Created on 2024-09-16 with reprex v2.1.1

The version 'tidy_v1' includes a 'pivot_wider' call to convert our long data to wide data. The version 'tidy_v2' avoids the call to 'pivot_wider'. The version 'untidy_v1' may be considered a 'base R' flavor. By avoiding the use of 'pivot_wider' we see a decrease in execution time, leading to the suggestion that this should be considered 'unrecommended' if an alternate path is an option. The version 'untidy_v1' is 2 orders of magnitude faster. If folks are interested inn tidy options, we're trying to provide those! But if performance is a priority the base options are still best. Please let me know if you have opinions here!

tobyaicher commented 2 months ago

Thank you so much for looking into this! Yes VariantKey is exactly the functionality I was looking for - I downloaded your development version and tested it and it gave the same results as my own solution (where I used CHROM,POS, and rownumbers to create unique variant ID's).

I agree pivot wider is actually not necessary and using group_by before summarize is the best way to do this.

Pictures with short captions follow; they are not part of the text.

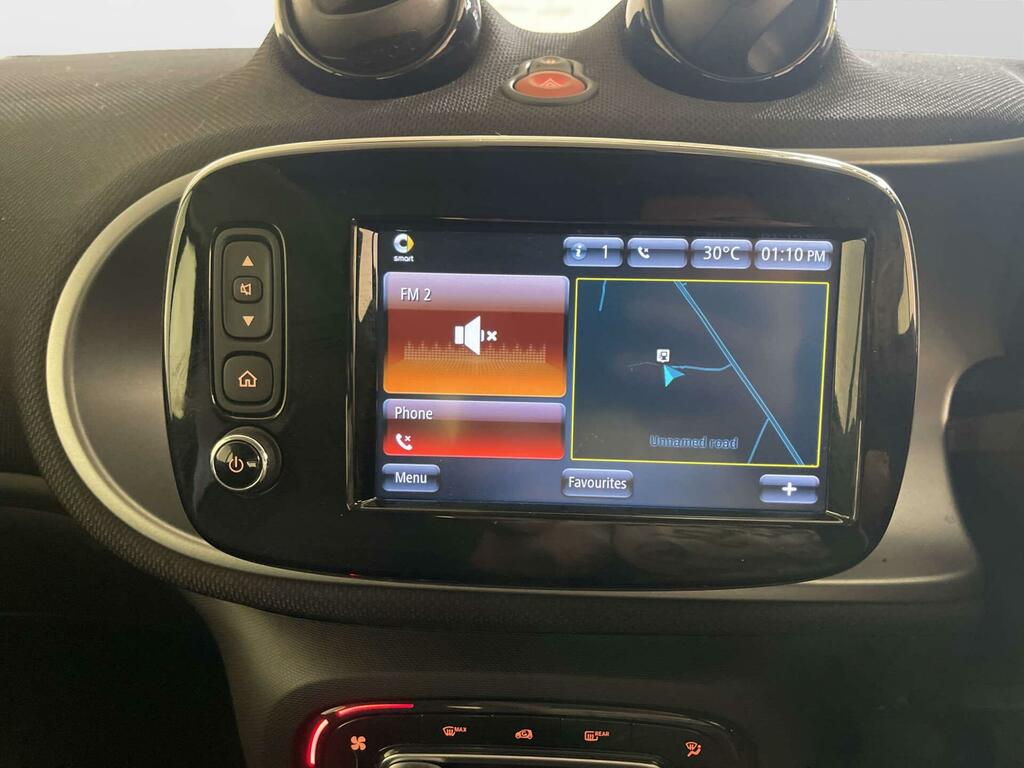 Smart Fortwo Coupe 0.9 Turbo Passion  #20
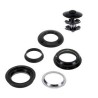 semi integrated Ahead head set 1 1 8 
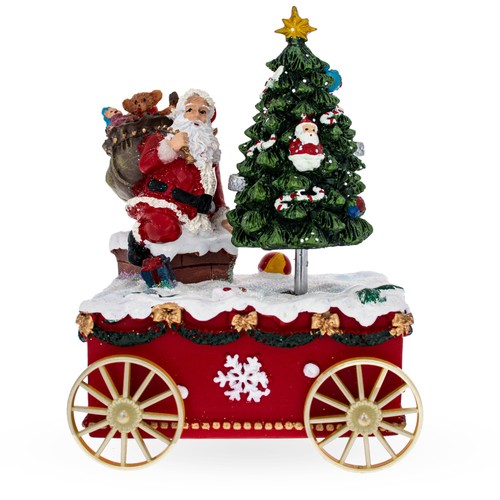 Scatola musicale albero - , di
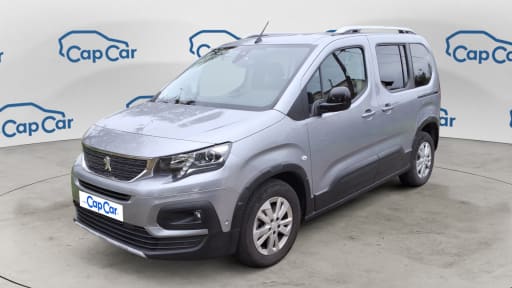 Peugeot Rifter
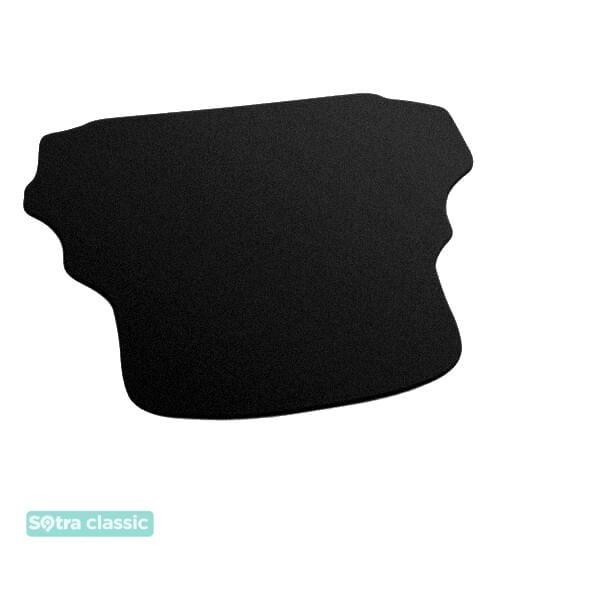 00476GDBLACK Sotra Коврик багажника
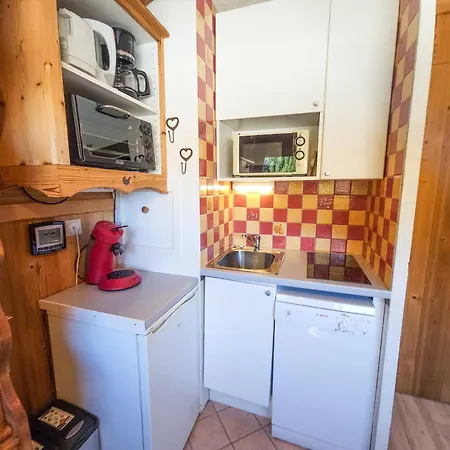 Trois Marches - 2 Personnes 13 M² - Quartier De Brelin Mae-4014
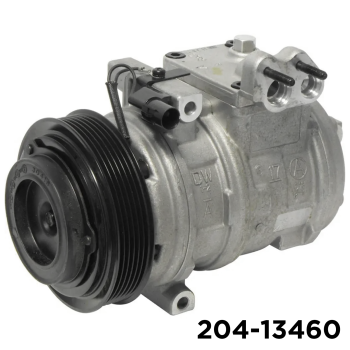 NEW OEM 10PA17C DOOWON A/C COMPRESSOR WITH 6 POLY CLUTCH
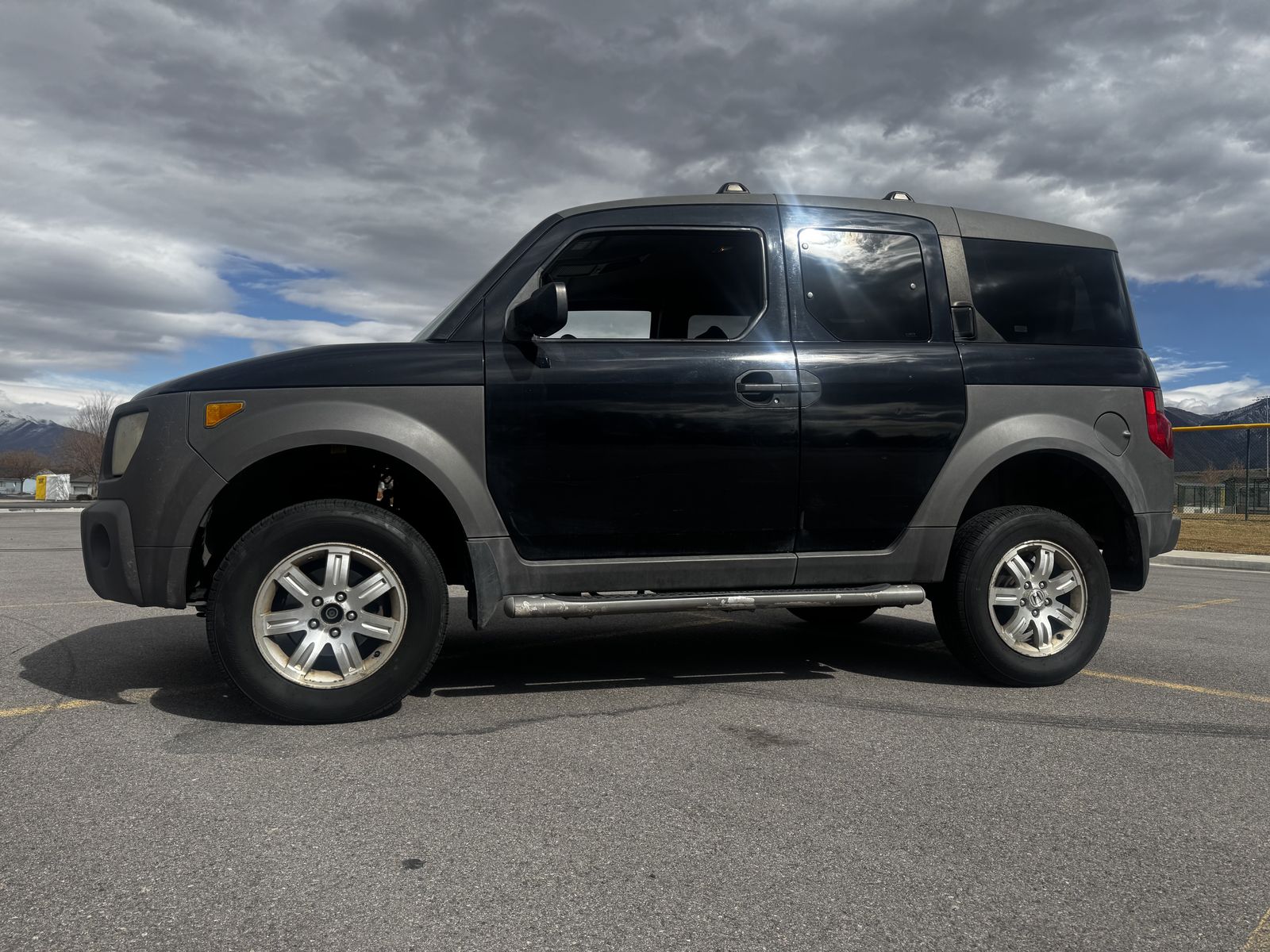 Honda Element For Trade Or Sale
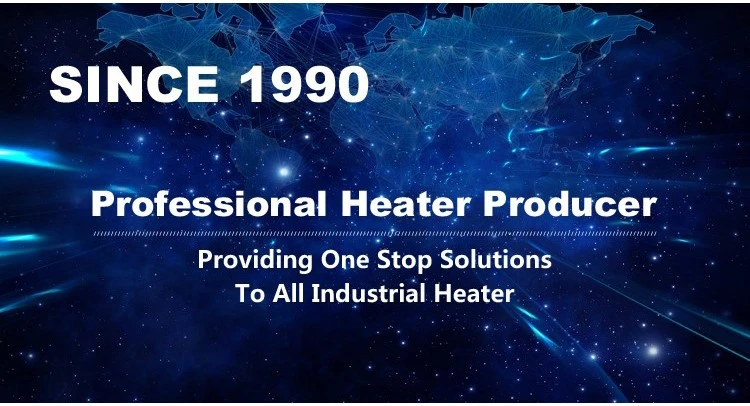 PET Preform mould hot runner system temperature control cards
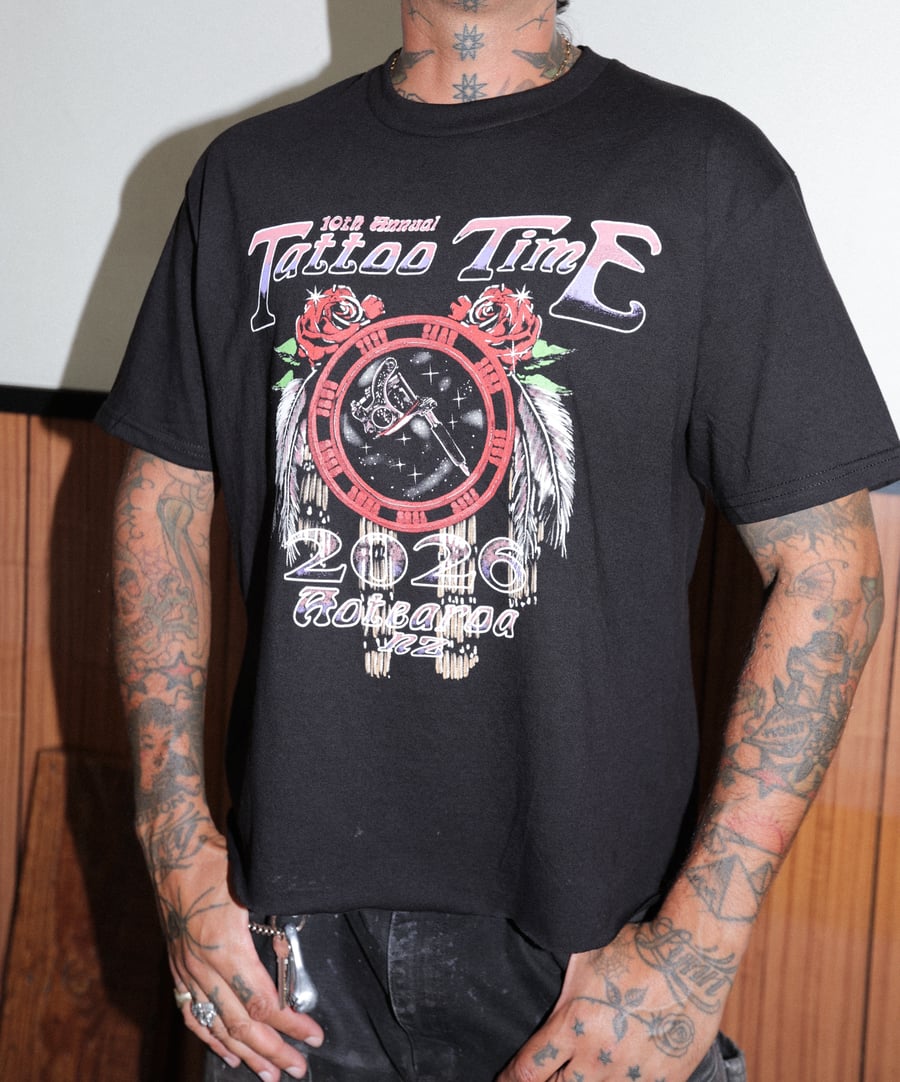 Image of Marupō Catcher Tee (pre-sale)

Noted that base R is faster - in my case performance is not much of an issue so prefer to use tidy because more concise and easier code so appreciate the tidy option.

Thanks again!

Toby

knausb commented 2 months ago

Thank you @tobyaicher ! I will try to use the reproducible example you helped create as a unit test to make sure this functionality remains in the future. I believe I need to update the documentation and do some more tests still. But I think we can consider this to be a part of the next release to CRAN.

Thanks! Brian